We ram up and cram up to see a film about Mr Uncle Minsh. And he reads a little statement about the mas after. He is a masman, he says, like a European would say pianist. Like an Italian would say sculptor. But in the age of Mancrab, there is no honour in being a creator of things for the sake of beauty, or catharsis, or purging.
In the age of Mancrab we mistake pretty, shininess with beauty. And plenty women feeling ugly about their bodies and doing one set of exercise until they bend themselves out of shape to fit into someone else’s idea of what beauty is. I remember that day clearly, although I must have been about four.
I remember the colour of the sky.
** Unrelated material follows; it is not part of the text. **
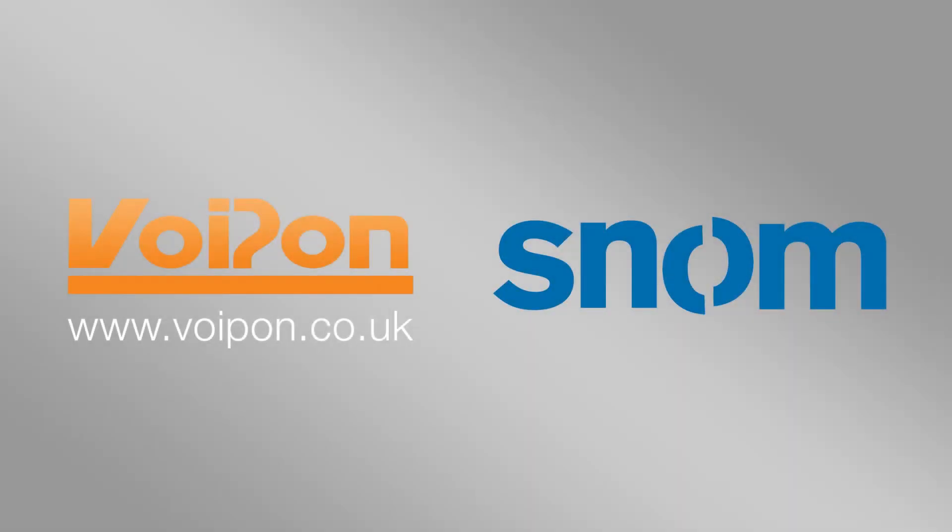Broadcasting from various countries around the world using voice over IP technology, this is VoIP Uncovered, a VoIP on Solutions UK podcast. I'm David Friff and joining us today is Alison Tetlow, UK Sales Channel Manager at SNOM.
And the tassa rumbling in my belly. Town feel Iwer was dotish to misspell mas in the song. But it wasn’t a mistake. Carnival used to be a weapon of mas distraction. Under the mask hid resistance and retention of rituals frowned on by the Christian colonials.
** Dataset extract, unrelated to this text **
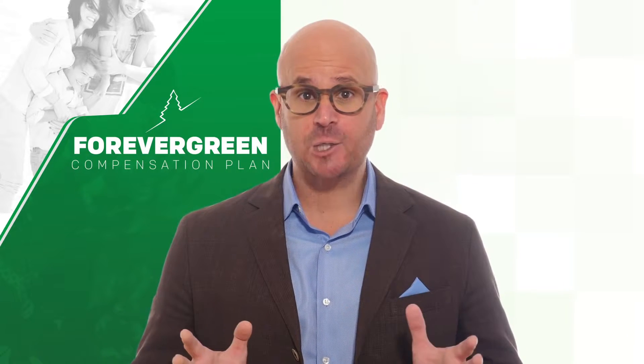The ForeverGreen compensation plan is the blueprint that creates your financial success. Designed as a global plan, the weekly payouts generously compensate ForeverGreen members. It's also one of the best plans in the industry because it exceeds the industry's actual payout average on commissionable purchases.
Carnival is now a weapon of mass distraction. And we’re all fighting for money from the state. Instead of fighting for creative excellence. Mr Uncle Minsh, you didn’t lie. We are living in the age of Mancrab. There was a time at the Havana Biennial in 2000 when I was stung with righteous indignation because a woman from Spain in a panel on performance art get up and tell Mr Uncle Minsh that his costumes pretty but it’s not really art.
And I wanted to know what was wrong with this woman. Who never put on a costume. Who never stand up waiting on the eastern end of the Savannah stage to play herself. Herself found in a different mask. But in the same way that this farse-and-out-of-place Spanish woman could be so disrespectful is the same way that we disrespect our art and our artists every day.
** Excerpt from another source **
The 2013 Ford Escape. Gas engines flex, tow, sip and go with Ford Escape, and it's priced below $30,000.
Somebody in the audience say, But why you never do any mas that was just beautiful? The age of Mancrab is mass distraction. The age of Mancrab is the tenseness in the aftermath of an election. Mancrab is the Indian woman in Tobago who gets shouted at from a car in Scarborough—“We doh want allyuh here”—and the African woman in Tunapuna who gets shouted at—“Is we time now.”
It is the braying illiteracy of leaders who know the buttons to press to create hysteria. Life is the Savannah stage and we are in a nightmare of our own creating. They don’t know the difference between a portfolio and posing. They playing a big mas of knowing what they doing. But their masks are slipping. Is not Uncle Alwyn build their mas. This Partnership mas was not a carefully constructed bit of engineering wonder.
This mas that our leaders are playing with is our lives. This age of Mancrab mas with the blood spreading until it soaks us all. It’s more than a Carnival tabanca for a time when mas used to mean something. When the self you were playing was not a vain and vacuous version.
But the most terrible and terrifying evidence that we are in the age of Mancrab is in the fact that if you were to say that word to anyone under 30, the likelihood is that they wouldn’t have a clue what you were talking about. The age of Mancrab is most evidenced in the lack of awareness of the nightmare. The lack of consciousness that we are even asleep.
The blood is spreading as we sleep and there is nothing and none to raise the alarm.